Escándalo y nada más
Por Oswaldo Osorio
Ser provocador y desafiante no es condición suficiente para elevar un filme a un rango de calidad o siquiera de importancia. El escándalo que ha producido esta película ha hecho que se hable en el mundo entero de ella y que el público asista masivamente a verla, lo cual hace que muchos supongan que está llena de virtudes, sobre todo por el tema y las verdades que dice sobre él, aunque no toman en cuenta es cómo lo dice, y a veces esto es lo que más importa en el cine.
Y es que lo que plantea esta película acerca de la Iglesia también puede ser expuesto en artículo periodístico o un reportaje televisivo, pero justamente por eso una película debe apelar a esa riqueza de recursos dramáticos y narrativos que tiene el cine para no sólo decir lo que quiere, sino hacerlo de manera diferente y hasta más efectiva.
Esta película prácticamente se centra en la anécdota que quiere poner en evidencia la corrupción al interior de la Iglesia y el clero. El tema no es nada nuevo, ni siquiera un secreto a voces, todos lo conocemos y el mismo director lo reitera cuando lo primero que nos dice es que su película está basada en un libro escrito hace más de un siglo. Además, ya lo hemos visto en innumerables películas, pues siempre que se nos habla de corrupción del poder hay una sotana de por medio.
Entonces el verdadero drama, el conflicto real de esta película debía estar centrado, no en la corrupción como tal sino como proceso. Para eso se nos muestra el padre Amaro desde su llegada al pueblo, para eso pone en juego el torpe recurso del atraco al bus y la caridad del padre para con el anciano, porque director y guionista parece que querían mostrar ese contraste entre el padre Amaro que comienza la película y el que la termina.
Amaro como Jeckill y Hyde
Pero justamente es en ese proceso donde falla todo el relato, porque nunca vemos al personaje de Amaro sólido en esa evolución. A pesar del incidente del bus, no queda claro si desde que llegó es corrupto y luego cambió, porque el salto es tan abrupto que en ningún momento convence. El padre Amaro parece Jeckill y Hyde, por esa forma tan repentina como se transforma, de un momento a otro la película lo convierte en un hombre de la peor calaña, acumulando en él una casi inverosímil sarta de defectos y mezquindades: es mentiroso, maquinador, lujurioso, vengativo, sacrílego, deshonesto, extorsiona, lava dinero, empuja a la joven a un letal aborto y, lo peor todo, no parece tener remordimiento alguno por todo esto.
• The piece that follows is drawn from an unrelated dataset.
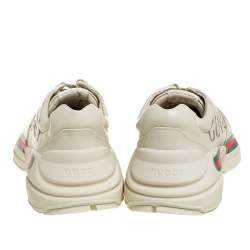 Gucci Beige Leather Rhyton Gucci Logo Low Top Sneakers Size 41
Salvo un par de ocasiones, en ningún momento se evidencia el conflicto interno del personaje, que es donde debería estar el verdadero drama de la historia. Entonces resulta un personaje tremendamente esquemático y desdibujado en su complejidad, muy a pesar de la interpretación siempre convincente de Gael García Bernal. Igual ocurre con todo el relato, casi cada una de las situaciones y los demás personajes: todo es una puesta en escena superflua y esquemática (aunque perfecta en su técnica), sin más sentido y dimensión que buscar recalcar qué tan hundida está la Iglesia y sus ministros en asuntos non sanctos.
Muchos han querido interpretar este sospechoso énfasis de la película en las miserias terrenales de la Iglesia como una forma de apelar, como casi único fin, al “escándalo burgués buñueliano”, pero las intensiones de Carrera parecen también más terrenales, porque nada tienen que ver sus elementales planteamientos, que se quedan en lo anecdótico y en la ambigüedad o esquematismo de sus personajes, con los ricos e ingeniosos recursos utilizados por Luis Buñuel para denigrar de la Iglesia y la burguesía. Entre lo uno y lo otro está el genio de por medio y no sólo el deseo de escandalizar.